La thématique du vieillissement occupe une place dans la littérature économique. Elle interpelle sur le financement de retraites, de la santé mais aussi sur les potentiels conflits entre les générations. Il est généralement appréhendé par un ratio entre le nombre de personnes âgées et la population totale. Ce mode de calcul est loin d'être neutre (Bourdelais, 1997). Cette mesure occulte pour partie une dimension importante : l'augmentation du nombre de personnes très âgées.
Entre 1970 et 2010, le nombre des centenaires a été multiplié par 13 en France. Les projections tablent sur la continuation de cette évolution (Blanpain, 2010). Le scénario le plus fort prévoit à nouveau une multiplication par 13 de leur nombre. Si l'effectif des personnes très âgées restera relativement faible par rapport à la population totale, cette mutation démographique devrait avoir des incidences non négligeables, notamment au niveau de ce qui concerne l'aide à la personne. Dans ce domaine et malgré les dispositifs publics, le rôle des conjoints, des enfants et de la famille est considérable, avec une prégnance très forte du rôle des femmes (Helffer, 2006 ; Billon et Gramain, 2014). La diversité des aides apportées, le temps consacré, les sacrifices et les renoncements consentis sont importants (Daune-Richard et al, 2012). Ils peuvent conduire à un épuisement de l'aidant (Duprat-Kushtanina, 2016).
L'avancée vers un grand âge se traduit par une augmentation de l'âge des aidants. Comment intégrer cette double évolution ? Est-elle susceptible de remettre en cause les solidarités existantes ? Renforce-t-elle la fragilisation des personnes ? Contribue-t-elle à l'interpellation des dispositifs basés uniquement sur l'état de la personne âgée (Ennuyer, 2003) ?
Pour y répondre, cette communication a pour objectif d'identifier les théories économiques intégrant la durée de vie et les rapports intra-familiaux et la manière dont elles abordent le vieillissement aux très grands âges. Sur ce point, il semble que l'analyse standard ne soit pas en mesure d'appréhender cette double évolution. Basées sur la théorie microéconomique du choix rationnels, la plupart des modélisations ne considèrent que deux catégories d'agents supposées homogènes : les parents aidés et les enfants aidants (Thiébaut et al., 2012).
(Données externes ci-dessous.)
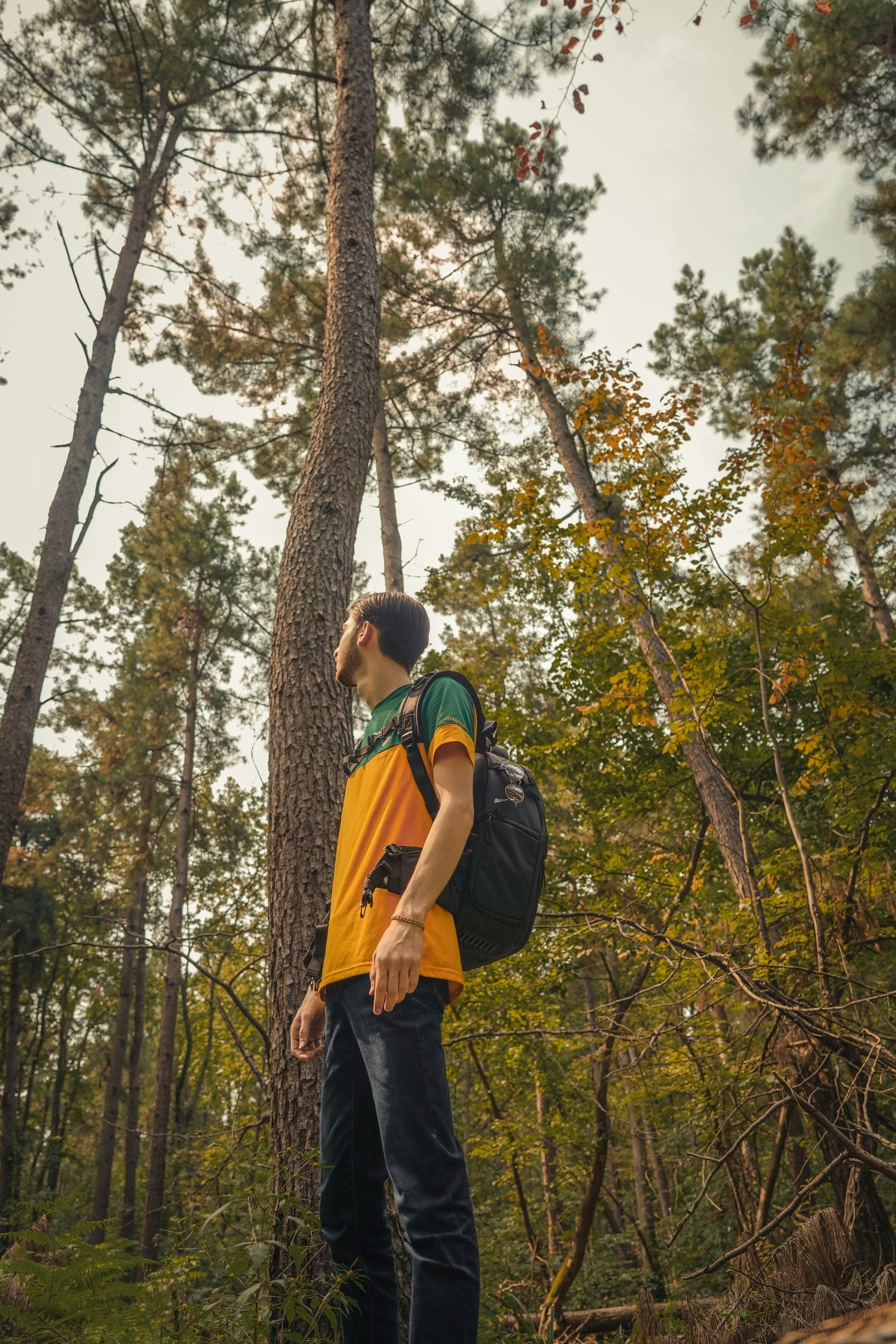 Photo by kiarash_mansouri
Cette conception duale des relations intrafamiliales et du vieillissement présente des limites en ce qu'elle ne permet pas d'appréhender les effets de périodes, d'âge et de cohorte mis en évidence par les démographes et les approches socioéconomiques du life course (Mortimer et Shanahan, 2003). Avec l'accroissement du nombre de centenaires, les effets peuvent profondément affecter l'agencement des parcours de vie et remettre en cause la catégorisation en termes d'aidant et d'aidé (quel statut caractérise par exemple les enfants des personnes très âgées ?).
Afin d'illustrer cette réflexion théorique, nous mobiliserons des données empiriques permettant de rendre compte, sur la base de projections sociodémographiques, de l'hétérogénéité des trajectoires de vieillissement et de leurs conséquences potentielles pour les différentes tranches d'âge. L'inclusion du grand âge permet d'interpeller les dispositifs existants et, plus généralement, soulève de nouvelles interrogations théoriques.